8x Entrepreneur, Author, Customer Development Expert

Transcript

Lesson: Customer Development with Steve Blank

Step #9 Value: There is an art to building a minimum viable product

Now, for both physical and mobile channels, there's an art to building a minimum viable product. Just think about this. An MVP is not a minimal product. An MVP is not like, "Well, we only have three weeks so we cut off the feature-list here."

That's not what an MVP is. An MVP is based on interaction and iteration in understanding customer's needs and pains, and gains. If all you're doing is cutting off the feature-list then you clearly haven't run the process.

Sometimes we get, "But my customers really don't know what they want. I'm creating something so new getting out of the building is just a waste of time. If I show them my solution, they're not even going to know what planet I'm talking about." We're going to be talking about the problem of market-type in a subsequent lecture.

There's a case called the new market where, you're right, customers have never seen an iPhone before or never seen a new product before.
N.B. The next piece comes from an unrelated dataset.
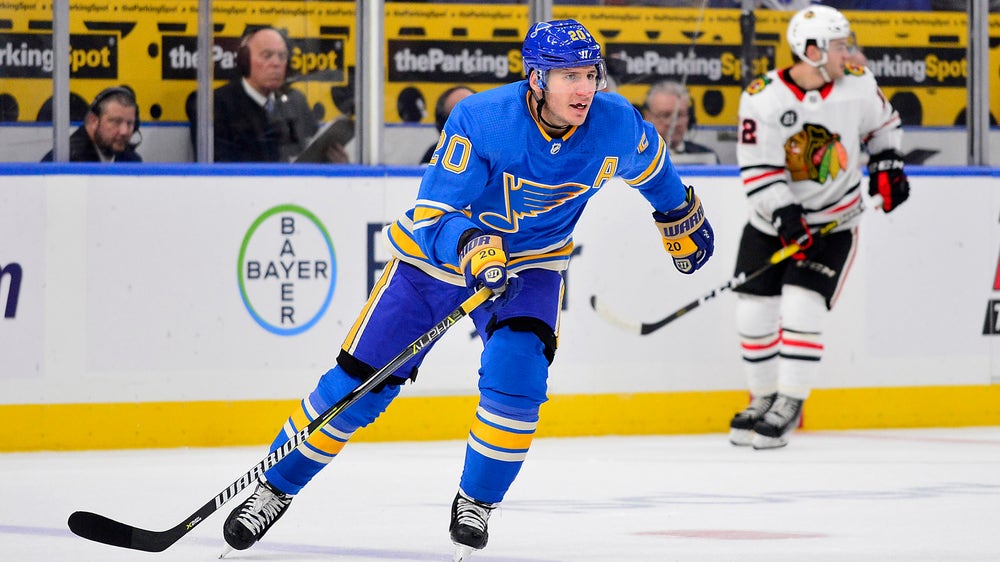 Blues activate Steen from IR after six-game absence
In that case, you still want to get out of the building but instead of asking them about features you actually want to understand how are they spending their time now and what solutions are they using to solve their pains and gains?

We'll talk about market-type later but when you hear people say, "But my customers don't know what they want." Just park that for a while because that's not an excuse to stay in the building and keep adding features.

There's a couple of mistakes when you're thinking about value proposition. One is that what you're building might just be a feature of someone else's product. You might have a good feature extension but it might not be a business or it might be a business for about nine months until the incumbent just adds that in their next release.

As I said earlier, these prioritizations of pains and gains, sometimes helps you avoid the, "It's nice to have" problem. So sometimes, it's very easy for Founders to say, "Well, they all liked it." Well, okay. What you really want is, "They didn't like it, they have got to have it. In fact, they didn't let me leave until they, like, let me use the prototype." That's when you know you have a business.

It has to be something that people demand and there have to be enough of them to demand. You might find, "Yeah. I found the five people in the entire world that love the product." That might not be a large enough market.

Some of the questions you might want to be asking as you're outside the building now talking to customers is competition. Competition kind of exists outside the business model canvas. Think of the canvas now floating in a world where other peoples' business model canvases are floating as well.

So just kind of take a step back and go, "Well, who else is out there and what are they doing?" The next thing you want to be asking, again, outside the canvas, "Why is this problem so hard to solve?" Or, "Why is this service not being done by other people?"

It might be, that hopefully, you really do have an insight or break-through. Or it might be, you're hallucinating. So you really do need to keep asking that question, not only to yourself, go ask it to the people you're talking to. Ask them, "Has anybody done this?" If they go, "No, we've never it."

Ask them why, why do you think? You might get some insight like, "Oh. Yeah. There have been nine vendors in the last three and a half years who tried this and they all failed." Warning. You might want to investigate why that happened. Hopefully, you have a different approach or different insight than anybody else.

As we kept talking about earlier, market size. We're going to be talking about how to size the market at the end of this lecture.

You really do want to understand how big is this problem and is this what we want to spend our next couple of years doing? Then finally, as we said, how do you do it once you understand the customer needs?